> _Task to complete_
Output each record in full, exactly as it stands.

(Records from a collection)
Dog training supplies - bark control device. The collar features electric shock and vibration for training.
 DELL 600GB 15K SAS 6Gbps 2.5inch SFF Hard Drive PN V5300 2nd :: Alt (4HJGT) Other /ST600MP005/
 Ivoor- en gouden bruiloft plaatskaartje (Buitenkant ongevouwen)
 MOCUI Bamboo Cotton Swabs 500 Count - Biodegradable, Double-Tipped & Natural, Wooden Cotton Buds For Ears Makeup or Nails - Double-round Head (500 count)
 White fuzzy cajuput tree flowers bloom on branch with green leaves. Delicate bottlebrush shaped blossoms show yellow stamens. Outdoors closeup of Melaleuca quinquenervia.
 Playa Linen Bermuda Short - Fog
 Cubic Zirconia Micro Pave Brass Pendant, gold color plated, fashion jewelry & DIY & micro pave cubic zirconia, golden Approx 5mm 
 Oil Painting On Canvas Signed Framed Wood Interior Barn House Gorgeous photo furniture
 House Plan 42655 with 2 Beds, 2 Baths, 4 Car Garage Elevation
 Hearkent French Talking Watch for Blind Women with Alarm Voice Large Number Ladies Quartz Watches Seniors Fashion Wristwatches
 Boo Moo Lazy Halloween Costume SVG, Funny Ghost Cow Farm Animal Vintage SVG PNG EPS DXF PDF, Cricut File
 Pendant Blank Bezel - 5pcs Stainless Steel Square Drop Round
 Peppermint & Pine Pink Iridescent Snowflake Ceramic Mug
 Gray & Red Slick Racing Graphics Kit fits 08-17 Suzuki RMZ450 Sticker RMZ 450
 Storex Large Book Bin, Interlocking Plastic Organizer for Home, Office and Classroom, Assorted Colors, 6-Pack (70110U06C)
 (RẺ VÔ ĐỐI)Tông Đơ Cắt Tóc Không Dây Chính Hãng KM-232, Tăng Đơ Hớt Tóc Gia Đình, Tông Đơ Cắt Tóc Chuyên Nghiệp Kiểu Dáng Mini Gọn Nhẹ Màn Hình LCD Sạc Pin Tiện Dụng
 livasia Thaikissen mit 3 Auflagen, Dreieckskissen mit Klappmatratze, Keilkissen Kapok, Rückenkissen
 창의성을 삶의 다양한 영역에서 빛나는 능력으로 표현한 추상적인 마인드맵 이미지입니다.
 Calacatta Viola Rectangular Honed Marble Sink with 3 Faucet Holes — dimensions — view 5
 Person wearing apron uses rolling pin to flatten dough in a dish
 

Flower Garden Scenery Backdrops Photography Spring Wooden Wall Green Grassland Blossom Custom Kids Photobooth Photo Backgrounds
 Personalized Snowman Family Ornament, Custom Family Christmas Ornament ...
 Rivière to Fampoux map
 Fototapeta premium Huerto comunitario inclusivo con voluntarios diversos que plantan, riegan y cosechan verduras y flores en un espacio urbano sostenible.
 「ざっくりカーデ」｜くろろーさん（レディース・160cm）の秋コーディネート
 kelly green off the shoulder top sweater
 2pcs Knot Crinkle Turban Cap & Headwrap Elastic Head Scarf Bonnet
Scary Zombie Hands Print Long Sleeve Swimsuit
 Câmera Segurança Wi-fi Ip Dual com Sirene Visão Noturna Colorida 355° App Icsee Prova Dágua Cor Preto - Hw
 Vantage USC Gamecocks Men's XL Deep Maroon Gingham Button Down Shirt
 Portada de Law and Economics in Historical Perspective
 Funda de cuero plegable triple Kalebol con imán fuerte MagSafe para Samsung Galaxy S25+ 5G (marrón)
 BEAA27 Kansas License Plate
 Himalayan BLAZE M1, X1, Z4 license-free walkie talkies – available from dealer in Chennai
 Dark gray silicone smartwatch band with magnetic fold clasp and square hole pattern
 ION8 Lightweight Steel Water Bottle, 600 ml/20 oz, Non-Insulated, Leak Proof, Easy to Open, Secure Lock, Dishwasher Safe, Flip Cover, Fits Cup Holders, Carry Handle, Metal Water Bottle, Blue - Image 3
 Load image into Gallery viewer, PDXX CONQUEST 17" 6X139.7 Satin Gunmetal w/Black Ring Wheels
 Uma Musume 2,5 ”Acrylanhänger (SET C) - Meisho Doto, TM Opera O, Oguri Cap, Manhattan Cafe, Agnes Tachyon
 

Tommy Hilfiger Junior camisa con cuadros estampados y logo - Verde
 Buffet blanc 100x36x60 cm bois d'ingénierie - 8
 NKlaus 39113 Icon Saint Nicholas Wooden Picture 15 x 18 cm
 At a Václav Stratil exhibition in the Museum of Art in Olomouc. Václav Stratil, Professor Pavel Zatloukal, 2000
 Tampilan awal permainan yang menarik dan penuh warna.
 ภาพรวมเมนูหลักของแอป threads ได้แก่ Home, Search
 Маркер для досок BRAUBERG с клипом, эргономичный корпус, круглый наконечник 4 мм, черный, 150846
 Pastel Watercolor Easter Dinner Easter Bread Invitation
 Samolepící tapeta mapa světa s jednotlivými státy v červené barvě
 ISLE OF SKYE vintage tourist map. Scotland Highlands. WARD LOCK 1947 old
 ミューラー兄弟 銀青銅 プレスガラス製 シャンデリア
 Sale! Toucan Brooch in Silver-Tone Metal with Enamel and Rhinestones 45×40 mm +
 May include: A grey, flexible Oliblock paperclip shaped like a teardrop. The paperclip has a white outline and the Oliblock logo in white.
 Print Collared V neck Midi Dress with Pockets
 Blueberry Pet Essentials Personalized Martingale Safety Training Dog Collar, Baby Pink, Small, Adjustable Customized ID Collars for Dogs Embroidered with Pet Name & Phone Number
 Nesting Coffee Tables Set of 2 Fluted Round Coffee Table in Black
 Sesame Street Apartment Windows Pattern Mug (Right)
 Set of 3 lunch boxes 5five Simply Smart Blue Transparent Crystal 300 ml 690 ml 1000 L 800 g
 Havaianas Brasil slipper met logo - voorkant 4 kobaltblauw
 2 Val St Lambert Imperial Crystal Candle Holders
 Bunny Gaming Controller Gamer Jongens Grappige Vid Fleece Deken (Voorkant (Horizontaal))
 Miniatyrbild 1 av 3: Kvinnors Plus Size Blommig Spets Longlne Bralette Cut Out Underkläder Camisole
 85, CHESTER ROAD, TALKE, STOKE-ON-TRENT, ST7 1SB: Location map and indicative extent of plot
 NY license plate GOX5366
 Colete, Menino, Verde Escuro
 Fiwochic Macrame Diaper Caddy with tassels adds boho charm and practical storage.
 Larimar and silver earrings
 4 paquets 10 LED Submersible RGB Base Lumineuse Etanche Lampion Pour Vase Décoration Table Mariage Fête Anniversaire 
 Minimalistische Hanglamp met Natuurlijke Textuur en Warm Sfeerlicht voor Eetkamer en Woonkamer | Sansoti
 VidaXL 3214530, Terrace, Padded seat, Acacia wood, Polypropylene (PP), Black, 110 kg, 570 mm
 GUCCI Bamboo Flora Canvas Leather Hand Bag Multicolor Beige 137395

> _Finished task_
Dog training supplies - bark control device. The collar features electric shock and vibration for training.
 DELL 600GB 15K SAS 6Gbps 2.5inch SFF Hard Drive PN V5300 2nd :: Alt (4HJGT) Other /ST600MP005/
 Ivoor- en gouden bruiloft plaatskaartje (Buitenkant ongevouwen)
 MOCUI Bamboo Cotton Swabs 500 Count - Biodegradable, Double-Tipped & Natural, Wooden Cotton Buds For Ears Makeup or Nails - Double-round Head (500 count)
 White fuzzy cajuput tree flowers bloom on branch with green leaves. Delicate bottlebrush shaped blossoms show yellow stamens. Outdoors closeup of Melaleuca quinquenervia.
 Playa Linen Bermuda Short - Fog
 Cubic Zirconia Micro Pave Brass Pendant, gold color plated, fashion jewelry & DIY & micro pave cubic zirconia, golden Approx 5mm 
 Oil Painting On Canvas Signed Framed Wood Interior Barn House Gorgeous photo furniture
 House Plan 42655 with 2 Beds, 2 Baths, 4 Car Garage Elevation
 Hearkent French Talking Watch for Blind Women with Alarm Voice Large Number Ladies Quartz Watches Seniors Fashion Wristwatches
 Boo Moo Lazy Halloween Costume SVG, Funny Ghost Cow Farm Animal Vintage SVG PNG EPS DXF PDF, Cricut File
 Pendant Blank Bezel - 5pcs Stainless Steel Square Drop Round
 Peppermint & Pine Pink Iridescent Snowflake Ceramic Mug
 Gray & Red Slick Racing Graphics Kit fits 08-17 Suzuki RMZ450 Sticker RMZ 450
 Storex Large Book Bin, Interlocking Plastic Organizer for Home, Office and Classroom, Assorted Colors, 6-Pack (70110U06C)
 (RẺ VÔ ĐỐI)Tông Đơ Cắt Tóc Không Dây Chính Hãng KM-232, Tăng Đơ Hớt Tóc Gia Đình, Tông Đơ Cắt Tóc Chuyên Nghiệp Kiểu Dáng Mini Gọn Nhẹ Màn Hình LCD Sạc Pin Tiện Dụng
 livasia Thaikissen mit 3 Auflagen, Dreieckskissen mit Klappmatratze, Keilkissen Kapok, Rückenkissen
 창의성을 삶의 다양한 영역에서 빛나는 능력으로 표현한 추상적인 마인드맵 이미지입니다.
 Calacatta Viola Rectangular Honed Marble Sink with 3 Faucet Holes — dimensions — view 5
 Person wearing apron uses rolling pin to flatten dough in a dish
 

Flower Garden Scenery Backdrops Photography Spring Wooden Wall Green Grassland Blossom Custom Kids Photobooth Photo Backgrounds
 Personalized Snowman Family Ornament, Custom Family Christmas Ornament ...
 Rivière to Fampoux map
 Fototapeta premium Huerto comunitario inclusivo con voluntarios diversos que plantan, riegan y cosechan verduras y flores en un espacio urbano sostenible.
 「ざっくりカーデ」｜くろろーさん（レディース・160cm）の秋コーディネート
 kelly green off the shoulder top sweater
 2pcs Knot Crinkle Turban Cap & Headwrap Elastic Head Scarf Bonnet
Scary Zombie Hands Print Long Sleeve Swimsuit
 Câmera Segurança Wi-fi Ip Dual com Sirene Visão Noturna Colorida 355° App Icsee Prova Dágua Cor Preto - Hw
 Vantage USC Gamecocks Men's XL Deep Maroon Gingham Button Down Shirt
 Portada de Law and Economics in Historical Perspective
 Funda de cuero plegable triple Kalebol con imán fuerte MagSafe para Samsung Galaxy S25+ 5G (marrón)
 BEAA27 Kansas License Plate
 Himalayan BLAZE M1, X1, Z4 license-free walkie talkies – available from dealer in Chennai
 Dark gray silicone smartwatch band with magnetic fold clasp and square hole pattern
 ION8 Lightweight Steel Water Bottle, 600 ml/20 oz, Non-Insulated, Leak Proof, Easy to Open, Secure Lock, Dishwasher Safe, Flip Cover, Fits Cup Holders, Carry Handle, Metal Water Bottle, Blue - Image 3
 Load image into Gallery viewer, PDXX CONQUEST 17" 6X139.7 Satin Gunmetal w/Black Ring Wheels
 Uma Musume 2,5 ”Acrylanhänger (SET C) - Meisho Doto, TM Opera O, Oguri Cap, Manhattan Cafe, Agnes Tachyon
 

Tommy Hilfiger Junior camisa con cuadros estampados y logo - Verde
 Buffet blanc 100x36x60 cm bois d'ingénierie - 8
 NKlaus 39113 Icon Saint Nicholas Wooden Picture 15 x 18 cm
 At a Václav Stratil exhibition in the Museum of Art in Olomouc. Václav Stratil, Professor Pavel Zatloukal, 2000
 Tampilan awal permainan yang menarik dan penuh warna.
 ภาพรวมเมนูหลักของแอป threads ได้แก่ Home, Search
 Маркер для досок BRAUBERG с клипом, эргономичный корпус, круглый наконечник 4 мм, черный, 150846
 Pastel Watercolor Easter Dinner Easter Bread Invitation
 Samolepící tapeta mapa světa s jednotlivými státy v červené barvě
 ISLE OF SKYE vintage tourist map. Scotland Highlands. WARD LOCK 1947 old
 ミューラー兄弟 銀青銅 プレスガラス製 シャンデリア
 Sale! Toucan Brooch in Silver-Tone Metal with Enamel and Rhinestones 45×40 mm +
 May include: A grey, flexible Oliblock paperclip shaped like a teardrop. The paperclip has a white outline and the Oliblock logo in white.
 Print Collared V neck Midi Dress with Pockets
 Blueberry Pet Essentials Personalized Martingale Safety Training Dog Collar, Baby Pink, Small, Adjustable Customized ID Collars for Dogs Embroidered with Pet Name & Phone Number
 Nesting Coffee Tables Set of 2 Fluted Round Coffee Table in Black
 Sesame Street Apartment Windows Pattern Mug (Right)
 Set of 3 lunch boxes 5five Simply Smart Blue Transparent Crystal 300 ml 690 ml 1000 L 800 g
 Havaianas Brasil slipper met logo - voorkant 4 kobaltblauw
 2 Val St Lambert Imperial Crystal Candle Holders
 Bunny Gaming Controller Gamer Jongens Grappige Vid Fleece Deken (Voorkant (Horizontaal))
 Miniatyrbild 1 av 3: Kvinnors Plus Size Blommig Spets Longlne Bralette Cut Out Underkläder Camisole
 85, CHESTER ROAD, TALKE, STOKE-ON-TRENT, ST7 1SB: Location map and indicative extent of plot
 NY license plate GOX5366
 Colete, Menino, Verde Escuro
 Fiwochic Macrame Diaper Caddy with tassels adds boho charm and practical storage.
 Larimar and silver earrings
 4 paquets 10 LED Submersible RGB Base Lumineuse Etanche Lampion Pour Vase Décoration Table Mariage Fête Anniversaire 
 Minimalistische Hanglamp met Natuurlijke Textuur en Warm Sfeerlicht voor Eetkamer en Woonkamer | Sansoti
 VidaXL 3214530, Terrace, Padded seat, Acacia wood, Polypropylene (PP), Black, 110 kg, 570 mm
 GUCCI Bamboo Flora Canvas Leather Hand Bag Multicolor Beige 137395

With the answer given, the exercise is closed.